Ce qui n’était seulement qu’une rumeur, est-il en train de se confirmer ? Le 3e mandat d’Alassane Ouattara comme président de la République n’est plus un sujet tabou. Bien sûr que l’intéressé l’a, toujours, démenti : « C’est mon dernier mandat », a souvent déclaré le président quand la question lui est posée. Mais, reste qu’il n’est pas seul, et ne fait pas ce qu’il veut, tout seul. Il doit composer avec un entourage très exigeant qui n’entend pas perdre, aussi facilement, ses privilèges. En effet, les hiérarques du RDR (Rassemblement des républicains, le parti présidentiel), se sont, tous, embourgeoisés. Vont-ils laisser le gâteau à leurs ennemis-amis du PDCI-RDA (Parti démocratique de Côte d’Ivoire – Rassemblement démocratique africain) du président, Henri Konan Bédié, lui aussi, pris dans un étau par ses propres cadres du parti ? La Côte d’Ivoire risque de proposer, dans les mois à venir, un spectacle ahurissant au regard des appétits du pouvoir des uns et des autres. Alassane Ouattara pourrait aller au 3e mandat (à pas forcés) pour préserver l’unité des Houphouétistes ou ce qu’il en restera, tandis qu’Henri Konan Bédié qui aspire aussi à revenir au pouvoir (ou à y placer quelqu’un de très proche) fera tout de son côté pour que le PDCI retrouve le pouvoir qu’il avait perdu en décembre 1999. C’est plus qu’une question d’honneur pour lui.
C’est pour cette raison que le président ivoirien, Alassane Ouattara, a nommé, mardi, 10 juillet, un nouveau gouvernement « de combat avant la présidentielle de 2020 », largement, dominé par sa formation politique, et ouvert aux personnalités favorables à son projet de « grand parti unifié ».

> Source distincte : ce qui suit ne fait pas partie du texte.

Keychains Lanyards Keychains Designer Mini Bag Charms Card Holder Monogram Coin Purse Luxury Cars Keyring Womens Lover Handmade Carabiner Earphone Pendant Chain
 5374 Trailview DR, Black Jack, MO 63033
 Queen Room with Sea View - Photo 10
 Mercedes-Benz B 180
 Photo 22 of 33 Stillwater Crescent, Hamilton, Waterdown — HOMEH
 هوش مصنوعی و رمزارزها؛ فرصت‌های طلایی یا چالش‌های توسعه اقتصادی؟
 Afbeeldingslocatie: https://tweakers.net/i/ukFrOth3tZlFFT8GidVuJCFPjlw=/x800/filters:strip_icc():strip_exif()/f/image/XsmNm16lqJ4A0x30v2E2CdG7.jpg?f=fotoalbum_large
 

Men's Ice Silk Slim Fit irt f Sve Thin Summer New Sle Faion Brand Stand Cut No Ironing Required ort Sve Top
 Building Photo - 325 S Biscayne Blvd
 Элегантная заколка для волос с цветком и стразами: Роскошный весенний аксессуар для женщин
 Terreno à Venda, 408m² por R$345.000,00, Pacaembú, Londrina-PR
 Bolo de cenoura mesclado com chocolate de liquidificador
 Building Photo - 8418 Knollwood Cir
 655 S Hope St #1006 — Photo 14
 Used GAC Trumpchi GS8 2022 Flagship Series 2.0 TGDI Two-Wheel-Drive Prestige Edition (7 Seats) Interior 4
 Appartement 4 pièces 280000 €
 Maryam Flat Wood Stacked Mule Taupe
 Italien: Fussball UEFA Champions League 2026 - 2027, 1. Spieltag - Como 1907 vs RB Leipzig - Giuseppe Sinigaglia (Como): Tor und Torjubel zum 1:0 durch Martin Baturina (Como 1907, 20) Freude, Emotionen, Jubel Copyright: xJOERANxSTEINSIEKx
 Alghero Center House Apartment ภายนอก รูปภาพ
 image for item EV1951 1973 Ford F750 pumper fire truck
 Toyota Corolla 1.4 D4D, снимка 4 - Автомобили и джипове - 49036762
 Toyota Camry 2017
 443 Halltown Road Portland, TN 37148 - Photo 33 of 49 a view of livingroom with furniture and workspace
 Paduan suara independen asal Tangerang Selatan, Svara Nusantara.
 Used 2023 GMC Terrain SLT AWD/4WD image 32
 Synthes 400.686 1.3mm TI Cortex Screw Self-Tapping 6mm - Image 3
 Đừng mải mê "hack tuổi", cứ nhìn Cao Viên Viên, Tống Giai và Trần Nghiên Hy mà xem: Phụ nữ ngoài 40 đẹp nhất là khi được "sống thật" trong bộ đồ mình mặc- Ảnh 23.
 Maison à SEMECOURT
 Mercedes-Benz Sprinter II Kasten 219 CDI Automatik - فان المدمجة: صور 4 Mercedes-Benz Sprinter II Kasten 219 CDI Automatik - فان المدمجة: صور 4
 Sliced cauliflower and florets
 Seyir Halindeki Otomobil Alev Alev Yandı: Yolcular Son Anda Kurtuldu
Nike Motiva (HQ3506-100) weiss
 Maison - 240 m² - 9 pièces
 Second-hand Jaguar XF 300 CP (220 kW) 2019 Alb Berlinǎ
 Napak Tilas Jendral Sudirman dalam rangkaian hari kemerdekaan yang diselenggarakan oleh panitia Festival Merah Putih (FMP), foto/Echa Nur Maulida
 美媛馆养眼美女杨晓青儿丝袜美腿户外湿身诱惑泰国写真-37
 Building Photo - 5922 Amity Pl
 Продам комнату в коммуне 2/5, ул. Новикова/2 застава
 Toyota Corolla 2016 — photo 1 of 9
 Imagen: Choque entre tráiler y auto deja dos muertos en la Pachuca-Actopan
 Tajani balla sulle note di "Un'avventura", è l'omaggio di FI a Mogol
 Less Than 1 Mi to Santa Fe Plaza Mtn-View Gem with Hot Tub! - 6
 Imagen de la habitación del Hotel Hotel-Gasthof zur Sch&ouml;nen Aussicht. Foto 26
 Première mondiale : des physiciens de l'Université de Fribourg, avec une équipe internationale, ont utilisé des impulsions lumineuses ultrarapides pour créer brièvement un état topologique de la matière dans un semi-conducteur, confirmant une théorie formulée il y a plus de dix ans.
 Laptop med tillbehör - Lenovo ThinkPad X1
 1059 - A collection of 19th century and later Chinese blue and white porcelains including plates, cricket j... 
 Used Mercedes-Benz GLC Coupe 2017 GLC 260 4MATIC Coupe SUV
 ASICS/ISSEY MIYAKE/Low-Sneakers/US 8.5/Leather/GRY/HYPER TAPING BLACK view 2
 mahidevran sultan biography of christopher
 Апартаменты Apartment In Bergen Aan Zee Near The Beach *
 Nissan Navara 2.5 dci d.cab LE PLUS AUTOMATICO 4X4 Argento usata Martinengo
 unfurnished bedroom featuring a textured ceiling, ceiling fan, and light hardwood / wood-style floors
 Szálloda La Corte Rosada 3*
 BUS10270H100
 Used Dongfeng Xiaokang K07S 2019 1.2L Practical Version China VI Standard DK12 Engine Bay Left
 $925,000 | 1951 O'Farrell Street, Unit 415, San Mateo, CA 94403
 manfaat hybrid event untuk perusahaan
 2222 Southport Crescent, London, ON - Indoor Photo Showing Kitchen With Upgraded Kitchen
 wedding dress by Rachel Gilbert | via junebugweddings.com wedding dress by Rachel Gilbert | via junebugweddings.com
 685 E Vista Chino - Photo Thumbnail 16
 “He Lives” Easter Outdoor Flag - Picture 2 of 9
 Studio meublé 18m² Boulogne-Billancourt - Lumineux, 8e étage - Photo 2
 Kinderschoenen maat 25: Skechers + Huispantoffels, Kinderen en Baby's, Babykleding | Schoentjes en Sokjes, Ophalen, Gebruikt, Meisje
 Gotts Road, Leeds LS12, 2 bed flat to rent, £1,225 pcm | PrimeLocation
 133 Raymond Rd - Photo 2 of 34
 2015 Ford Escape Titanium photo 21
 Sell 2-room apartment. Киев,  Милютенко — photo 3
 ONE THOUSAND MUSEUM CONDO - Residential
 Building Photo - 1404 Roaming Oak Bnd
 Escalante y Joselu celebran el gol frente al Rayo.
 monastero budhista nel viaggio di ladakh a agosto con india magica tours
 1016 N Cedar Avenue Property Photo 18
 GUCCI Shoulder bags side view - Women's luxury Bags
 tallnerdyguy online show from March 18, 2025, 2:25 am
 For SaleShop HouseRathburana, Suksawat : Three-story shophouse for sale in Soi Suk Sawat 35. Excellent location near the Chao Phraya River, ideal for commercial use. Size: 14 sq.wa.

Avant les élections municipales et régionales prévues en septembre, selon une source proche de la présidence, et surtout, deux ans avant la présidentielle qui mobilise, déjà, toute la scène politique, le RDR cherche à élargir ses soutiens, faute d’un accord avec son grand allié, le Parti démocratique de Côte d’Ivoire (PDCI), pour former un parti unifié.
Dans un cabinet plus fourni – 41 ministres et secrétaires d’Etat, contre 34 pour le précédent – mais sans grand changement, le président a reconduit les barons du RDR : Amadou Gon Coulibaly comme premier ministre, Hamed Bakayoko à la Défense, Marcel Amon Tanoh aux Affaires étrangères et Kandia Kamara à l’Education nationale.
Albert Toikeusse Mabri, président de l’Union pour la démocratie et la paix en Côte d’Ivoire (UDPCI), est de retour au cabinet, avec le portefeuille de l’Enseignement supérieur et de la Recherche.
M. Toikeusse et son parti se sont prononcés en mai pour la formation du parti unifié, le Rassemblement des houphouëtistes pour la démocratie et la paix (RHDP), voulu par le président Ouattara. M. Toikeusse avait dû sortir du gouvernement en 2016 pour avoir refusé une alliance électorale avec le RDR.
M. Ouattara a gardé au gouvernement les ministres PDCI qui se sont déclarés favorables au RHDP, notamment, Kobenan Kouassi Adjoumani qui a lancé un mouvement dissident à l’intérieur de son parti, voulant rassembler les pro-RHDP. M. Adjoumani conserve son portefeuille des Ressources animales et halieutiques.
Le gouvernement voit l’entrée notable d’un vice-président du PDCI, Eugène Aouélé Aka, comme ministre de la Santé.
Le président du PDCI, Henri Konan Bédié (à la demande de la base de son parti), s’oppose à la création du parti unifié, ce qui provoque une crise au sein de la coalition au pouvoir, et qui a suscité la dissolution du gouvernement.
Bédié réclame à M. Ouattara un retour d’ascenseur pour la présidentielle de 2020 : que le RDR soutienne un candidat unique issu du PDCI, après que le PDCI eut soutenu M. Ouattara aux scrutins de 2010 et de 2015. Mais le RDR refuse.